First, every single tutorial I’d seen online or in books had no mention of this problem. Second, I’m pretty sure that on localhost, this would be pretty close to how it actually works. Third, the tutorials were sending things that didn’t actually have any logic behind them. All these things settled into my brain as a simple “well, this must just work.”
The horror was at the theory that I was somehow mistaken. I’m not really sure where that horror came from either. It just sort of popped into my head and left shortly afterwards, only to appear again later on. I think perhaps I realized that the way I had been coding it felt a bit like I was getting away with something. As it turns out, I was right about that, unfortunately.
Let’s jump back to that 100 byte object. If I send it, followed by 3 more of them, I’ve now sent 400 bytes of data, and all this happened as 4 simple writes on the sending end. On the receiving end, there is the whole interwebs in the way. So, while the 4 blobs of 100 bytes are guaranteed by the protocol to arrive in the correct order, and in their entirety, there is nothing what-so-ever that guarantees that they will arrive as 4 convenient 100 byte deliveries. In fact, the worst case scenarios are vastly more likely.

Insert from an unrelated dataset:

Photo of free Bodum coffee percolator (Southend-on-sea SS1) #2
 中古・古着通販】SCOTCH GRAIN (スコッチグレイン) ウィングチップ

Before we delve into the example above, let’s take the same approach most tutorials use. We will send “Hello World” as our data, all at once. If that all arrives all at once, and we show it on the screen, we will see “Hello World” and all will be just great. If it arrives in 3 pieces containing “Hel”, “lo Wo”, and “rld”, and we show them on the screen as they arrive, we actually end up with the exact same result. “Hello World” is on the screen, and everyone is happy about it.

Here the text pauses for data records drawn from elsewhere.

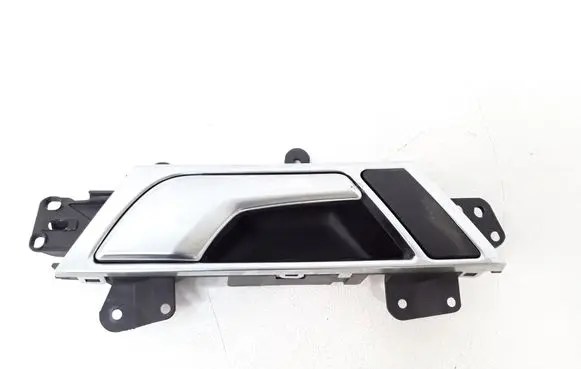 Audi A6 S6 C6 4F Rear door interior handle 4F0839020D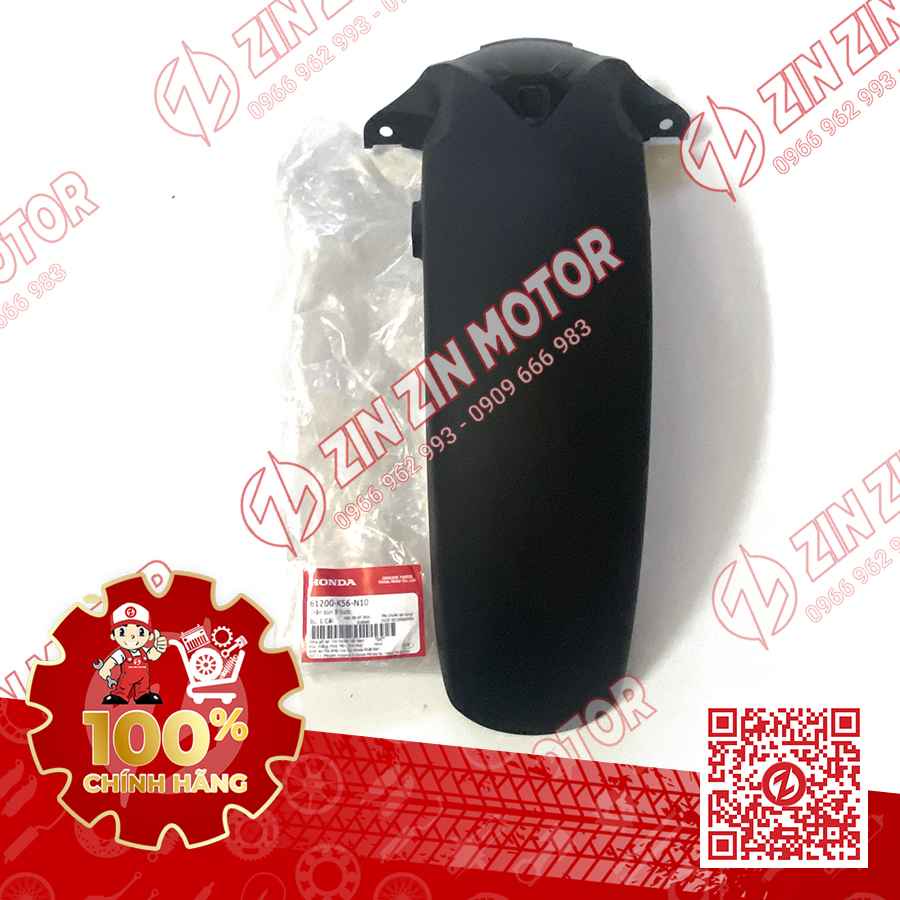 Nhựa Nhám Dè Trước Dè B Winner V1, RS150 V1 V2 61200-K56-N10 Chính Hãng Honda - ZZM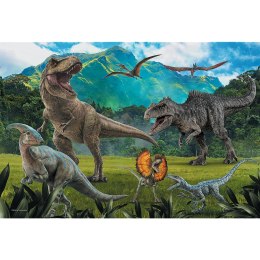 Puzzle - 100 - Park Jurajski / Universal Jurrasic World Trefl 16441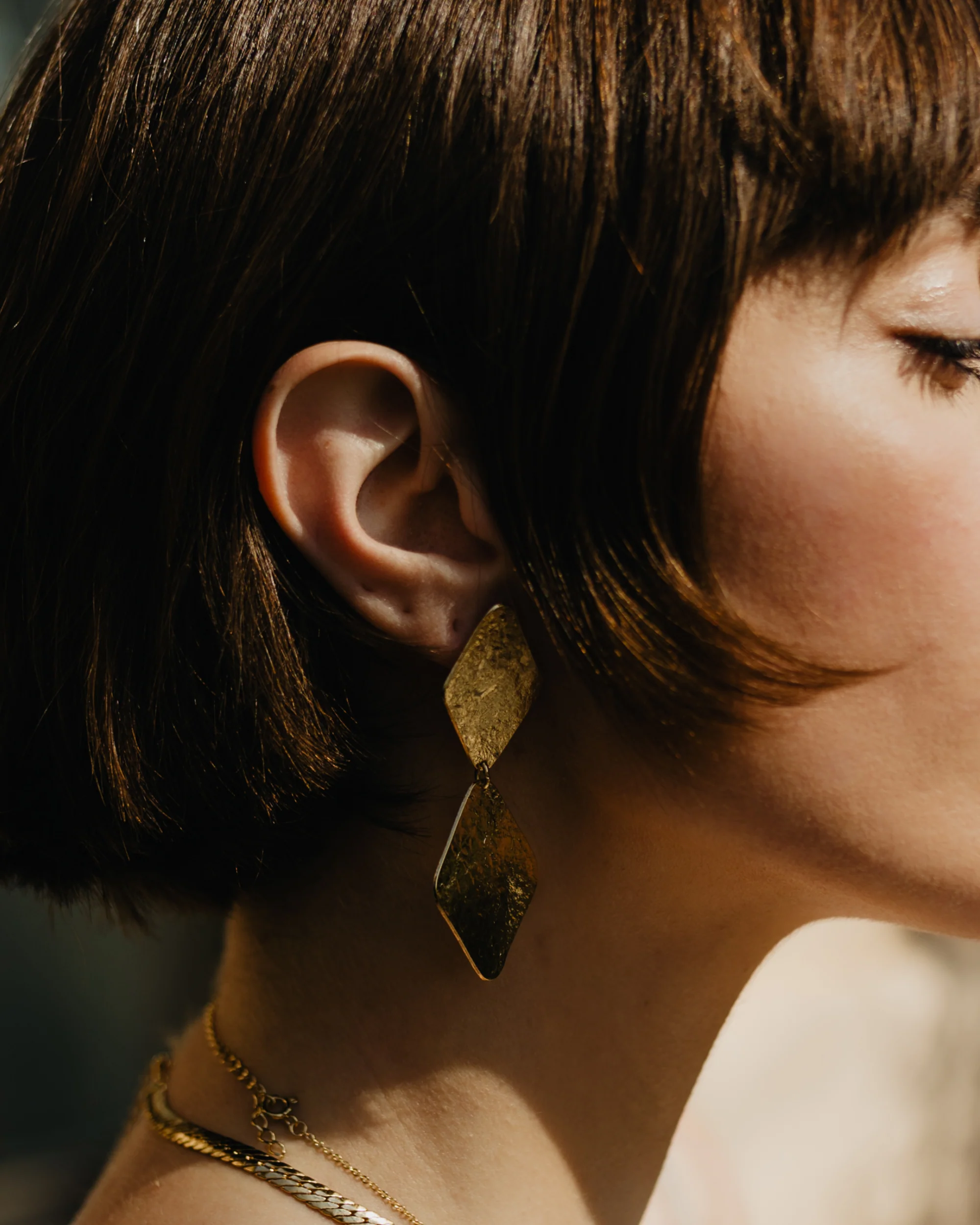 Boucles d'oreilles Bonnie - Image 2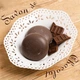 Мыло Pelican Savon De Chocolat с Ароматом шоколадной помадки 80 г (4976631477671) - изображение 2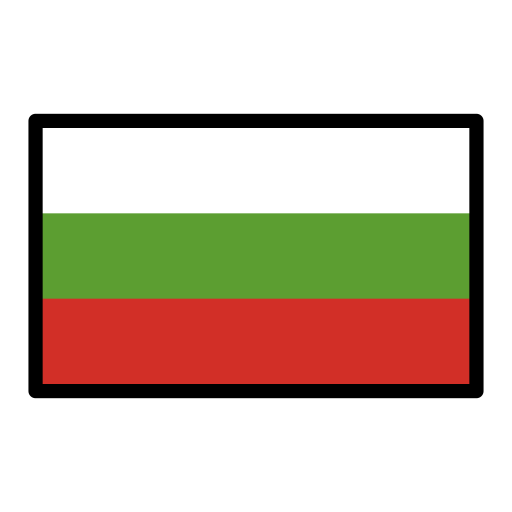 Bulgaria Flag Transparent Background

The problem actually comes from the fact that I’m not just sending arbitrary strings of text across the network. I’m sending carefully crafted collections of bytes that represent the various data structures in the game. Everything from a chat message to a chunk full of blocks in the world just boils down to a pile of bytes. The problem is of course that if I don’t have all the bytes for a data structure to repopulate all its fields, then I can’t reconstruct it properly.

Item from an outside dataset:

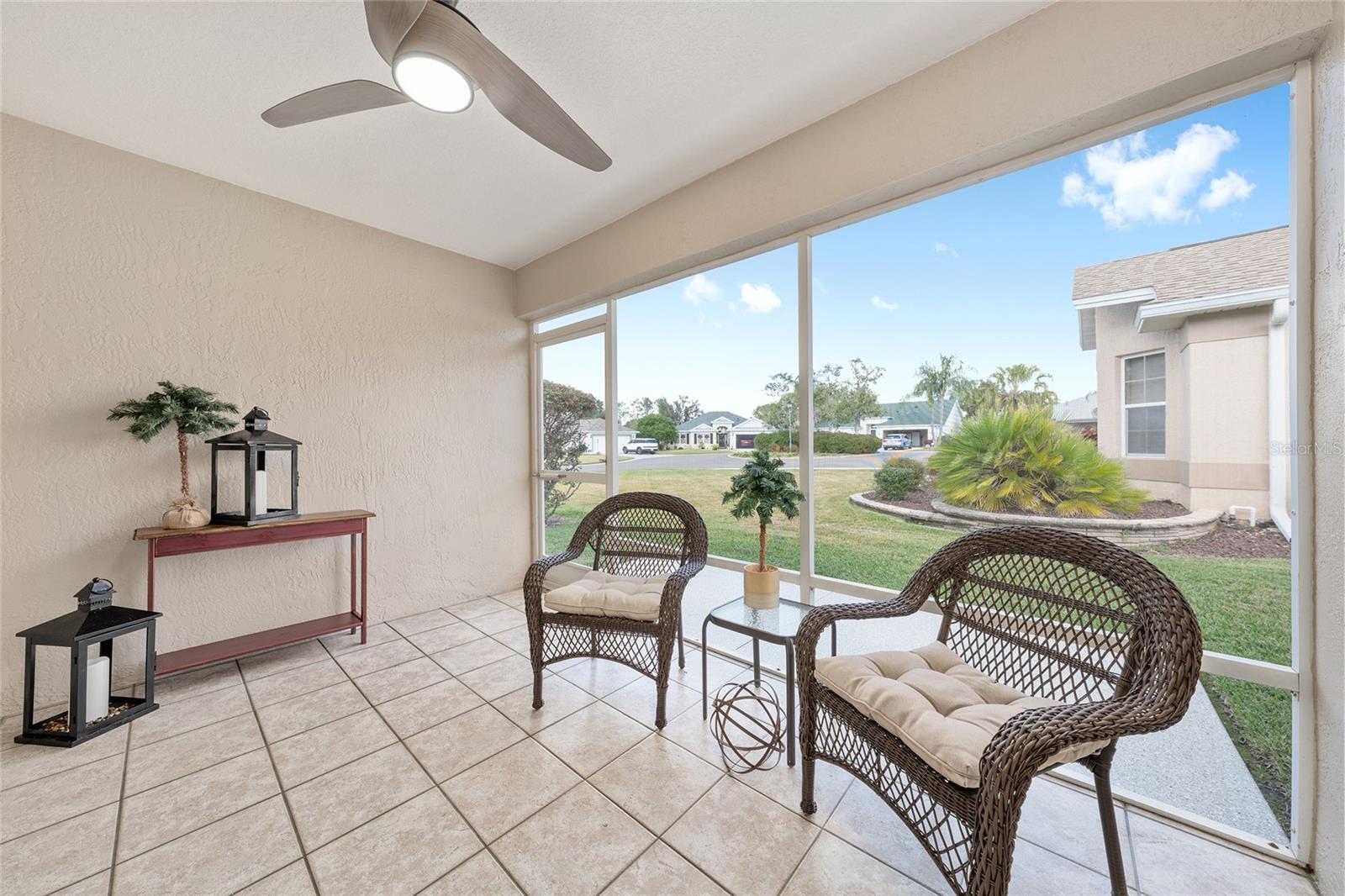 THE VILLAGES - Residential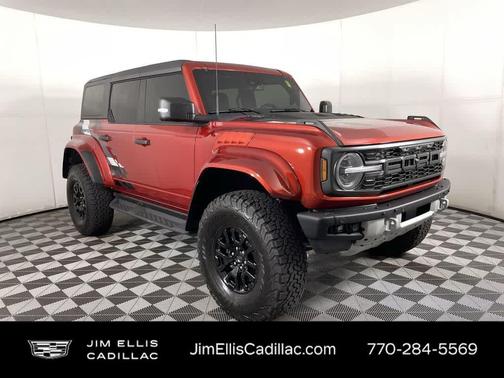 2024 Ford Bronco Raptor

Armed with this new wrinkle in the data I’m sending, let’s return to the example from above. We’ll send 4 pieces of 100 bytes. Imagine that they arrive in the following deliveries of data: 1 byte, 72 bytes, 285 bytes, 42 bytes. Due to the structure of my serialized data, that first 1 byte delivery isn’t even enough information for me to figure out what kind of thing it was that I received. The next 72 bytes allows me to determine the type of data I’m dealing with, which in turn allows me to determine the amount of data I need to recreate something of that type. With 73 bytes delivered so far, you’ll probably notice that I still don’t have enough information to actually do that (since our hypothetical data blobs are 100 bytes each). Next, we receive 285 bytes all at once, thanks to the magic of how networks work. That means we are up to 358 bytes, which also means we can now reconstruct our first transmission successfully. But wait, we can also reconstruct the second and the third objects as well, so we should definitely do that. We now receive 42 more bytes, which brings us up to 400 bytes received, and we finally have the ability to finish the process of dealing with the data that was sent to us.
To help handle this situation, I have now created a class I call the DeserializationStreamer. This new structure orchestrates the buffering of incoming data and assists in determining when it’s possible to deserialize something that has arrived, and also in actually doing that deserialization because it has to manage the buffers it’s using when that happens. This was a long and complicated story, but the moral is probably something like “things are seldom as easy as they seem, and they are always way worse when networking is involved.” Or something like that.